##### Records supplied #####

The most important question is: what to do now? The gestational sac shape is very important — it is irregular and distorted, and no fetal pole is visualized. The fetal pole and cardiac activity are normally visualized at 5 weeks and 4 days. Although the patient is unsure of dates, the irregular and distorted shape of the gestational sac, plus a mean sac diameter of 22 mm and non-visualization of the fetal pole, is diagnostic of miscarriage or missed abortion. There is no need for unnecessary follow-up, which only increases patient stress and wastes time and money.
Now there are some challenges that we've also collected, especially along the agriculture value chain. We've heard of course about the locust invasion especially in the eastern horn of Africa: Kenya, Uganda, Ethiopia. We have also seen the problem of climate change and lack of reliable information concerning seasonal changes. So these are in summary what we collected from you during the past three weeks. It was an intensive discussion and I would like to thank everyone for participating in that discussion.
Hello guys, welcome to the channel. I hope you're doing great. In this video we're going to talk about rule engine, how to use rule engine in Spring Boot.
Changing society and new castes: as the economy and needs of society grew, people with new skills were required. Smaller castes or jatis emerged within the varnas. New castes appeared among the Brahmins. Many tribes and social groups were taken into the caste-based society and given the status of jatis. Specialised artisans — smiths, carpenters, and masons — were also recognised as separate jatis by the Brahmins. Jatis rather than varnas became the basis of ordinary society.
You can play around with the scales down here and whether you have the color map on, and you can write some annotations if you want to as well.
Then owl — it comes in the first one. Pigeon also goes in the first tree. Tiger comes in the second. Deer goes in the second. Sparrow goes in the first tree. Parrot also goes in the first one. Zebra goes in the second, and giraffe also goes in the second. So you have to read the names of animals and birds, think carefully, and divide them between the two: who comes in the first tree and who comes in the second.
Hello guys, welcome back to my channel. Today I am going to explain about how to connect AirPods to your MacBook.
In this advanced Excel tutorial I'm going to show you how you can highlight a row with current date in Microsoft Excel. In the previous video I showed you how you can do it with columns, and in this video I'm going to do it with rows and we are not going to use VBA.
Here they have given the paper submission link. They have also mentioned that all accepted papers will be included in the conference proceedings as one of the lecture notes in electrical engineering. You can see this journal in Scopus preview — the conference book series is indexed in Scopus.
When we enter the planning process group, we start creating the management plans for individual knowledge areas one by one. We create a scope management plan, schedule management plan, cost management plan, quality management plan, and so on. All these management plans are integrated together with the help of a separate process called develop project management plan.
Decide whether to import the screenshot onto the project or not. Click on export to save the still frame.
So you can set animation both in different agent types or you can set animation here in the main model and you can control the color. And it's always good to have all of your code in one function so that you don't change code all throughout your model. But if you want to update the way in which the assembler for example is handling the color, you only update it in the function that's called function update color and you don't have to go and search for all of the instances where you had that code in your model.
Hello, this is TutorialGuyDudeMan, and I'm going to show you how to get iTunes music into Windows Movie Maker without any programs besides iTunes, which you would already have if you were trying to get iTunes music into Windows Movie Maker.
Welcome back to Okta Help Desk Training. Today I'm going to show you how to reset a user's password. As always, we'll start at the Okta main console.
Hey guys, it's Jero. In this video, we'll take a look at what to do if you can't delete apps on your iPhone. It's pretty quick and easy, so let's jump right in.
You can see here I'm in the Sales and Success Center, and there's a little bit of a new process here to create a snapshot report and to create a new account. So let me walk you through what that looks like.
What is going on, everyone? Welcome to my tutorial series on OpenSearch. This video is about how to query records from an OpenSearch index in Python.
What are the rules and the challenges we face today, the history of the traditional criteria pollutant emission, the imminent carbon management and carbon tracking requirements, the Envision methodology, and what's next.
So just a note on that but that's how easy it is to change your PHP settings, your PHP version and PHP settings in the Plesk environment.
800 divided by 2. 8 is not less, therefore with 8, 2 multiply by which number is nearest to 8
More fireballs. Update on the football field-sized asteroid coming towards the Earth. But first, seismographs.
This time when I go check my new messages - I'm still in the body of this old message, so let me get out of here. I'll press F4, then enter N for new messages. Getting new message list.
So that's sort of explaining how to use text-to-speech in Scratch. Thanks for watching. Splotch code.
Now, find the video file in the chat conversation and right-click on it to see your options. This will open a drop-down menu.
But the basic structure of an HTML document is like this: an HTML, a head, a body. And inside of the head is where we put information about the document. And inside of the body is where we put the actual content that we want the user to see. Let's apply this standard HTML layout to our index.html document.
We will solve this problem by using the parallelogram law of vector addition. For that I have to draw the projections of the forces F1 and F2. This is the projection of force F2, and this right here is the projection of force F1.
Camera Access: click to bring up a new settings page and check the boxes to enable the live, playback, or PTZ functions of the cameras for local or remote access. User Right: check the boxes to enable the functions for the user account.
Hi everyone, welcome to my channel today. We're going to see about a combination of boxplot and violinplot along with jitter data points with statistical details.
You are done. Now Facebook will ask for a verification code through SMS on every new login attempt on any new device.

#####

→ **Assignment**
As the answer, set down only the lines from the data above between the one holding "Then owl — it" and the one holding "Hello guys, welcome back", inclusive, exactly as they read.

→ **Solution below**
Then owl — it comes in the first one. Pigeon also goes in the first tree. Tiger comes in the second. Deer goes in the second. Sparrow goes in the first tree. Parrot also goes in the first one. Zebra goes in the second, and giraffe also goes in the second. So you have to read the names of animals and birds, think carefully, and divide them between the two: who comes in the first tree and who comes in the second.
Hello guys, welcome back to my channel. Today I am going to explain about how to connect AirPods to your MacBook.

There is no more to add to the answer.